A small-scale hydrothermal uranium mineralization hosted within the siderite deposit at Hüttenberg (Eastern Alps, Austria) was re-investigated using modern scanning electron microscope (SEM) and microprobe (EMPA) methods. The uranium mineralization comprises brannerite, coffinite and uraninite, and is spatially associated with Fe-, Ni- and Co-arsenides (loellingite, rammelsbergite, safflorite), bismuth and bismuthinite, as well as rare accessory silver-bearing minerals and gold locally. The U-bearing fluids also carried P, Y and REEs, which precipitated as xenotime and P–Y coffinite. The uranium mineralization paragenetically postdates the metasomatic formation of the host siderite ore.

Uraninite allows for precise single spot EMPA ages to be calculated (±2 Ma) due to its high radiogenic lead content. There is an excellent internal consistency in the uraninite data with calculated dates ranging between 77 and 84 Ma. We interpret that these record the crystallization age of the uraninite, and that any influences of lead loss or common Pb are minimal. Brannerite was also analyzed but U-total Pb microprobe data scatter (c.30–80 Ma) with evidence of lead loss, particularly in altered domains. It does, however, provide a minimum constraint on the timing of mineralization that is consistent with the crystallization age of the uraninite. Coffinite proved completely unsuitable for U-total Pb geochronology due to extreme lead loss. However, hydrothermal xenotime yields a U-total Pb age of 78 ± 5 Ma, consistent with the uraninite age. Therefore, the U-total Pb geochronological data support a late Cretaceous age for the U-mineralization of c. 80 Ma. Considering this timing constraint together with other geological and indirect thermochronological aspects, we conclude that the siderite deposit of Hüttenberg is older and formed at c. 90−80 Ma.
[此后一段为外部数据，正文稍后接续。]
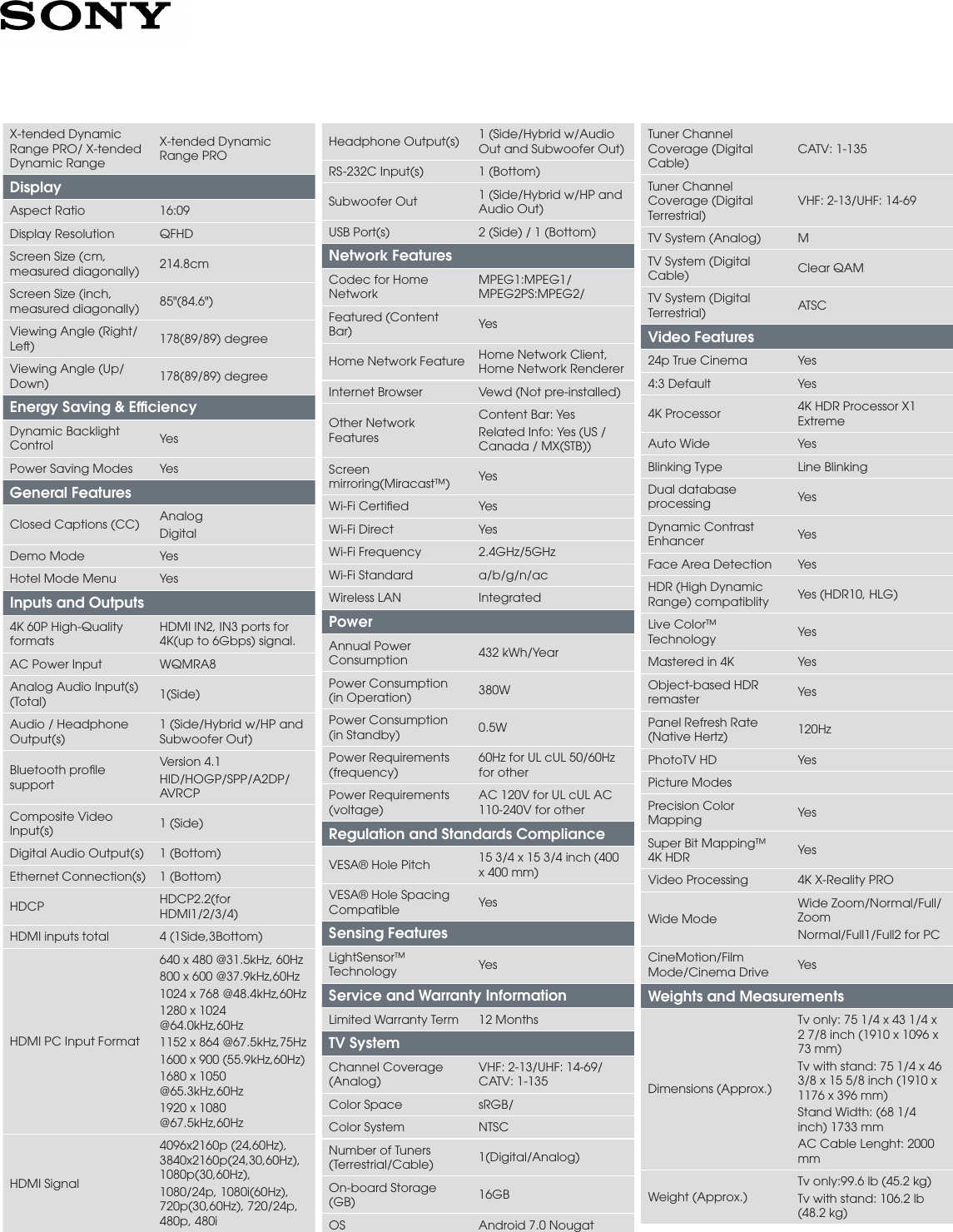 Page 3 of 4 - Sony XBR-85X900F User Manual Marketing Specifications Docget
使用现代扫描电子显微镜（SEM）和微探针（EMPA）方法对位于Hüttenberg（奥地利东部阿尔卑斯山）菱铁矿矿床中的小规模热液铀矿化进行了研究。铀的矿化包括褐铁矿，钴铁矿和铀锰矿，并且在空间上与铁，镍和钴砷化物（菱镁矿，斜方锰铁矿，方镁石，铋和双亚菱铁矿）以及稀有的含银辅助矿物和金在空间上相关。含U的流体还携带P，Y和REE，它们以xenotime和P–Y余量形式沉淀。铀成矿作用是伴生的，其推迟了菱铁矿矿石的交代形成。

由于其放射源性铅含量高，因此铀红石可以计算出精确的单点EMPA年龄（±2 Ma）。尿素岩数据具有极好的内部一致性，计算的日期介于77到84 Ma之间。我们解释说，这些记录了铀矿的结晶年龄，并且铅损失或常见Pb的任何影响都很小。还对褐铁矿进行了分析，但是U总Pb微探针数据散布（约30–80 Ma），并伴有铅损失的证据，尤其是在域变化的情况下。但是，它确实对矿化时间提供了最小限度的限制，该限制与铀矿的结晶年龄是一致的。由于极高的铅损失，Coffinite被证明完全不适合U总Pb年代学。但是，热液异种时间产生的U-总Pb年龄为78±5 Ma，与铀矿的年龄一致。因此，铀的总铅年代学数据支持白垩纪晚期的铀成矿。80毫安。考虑到这种时间上的限制以及其他地质和间接的热年代学方面的结论，我们得出的结论是，赫滕贝格的菱铁矿矿床较老，形成于c处。90−80 Ma。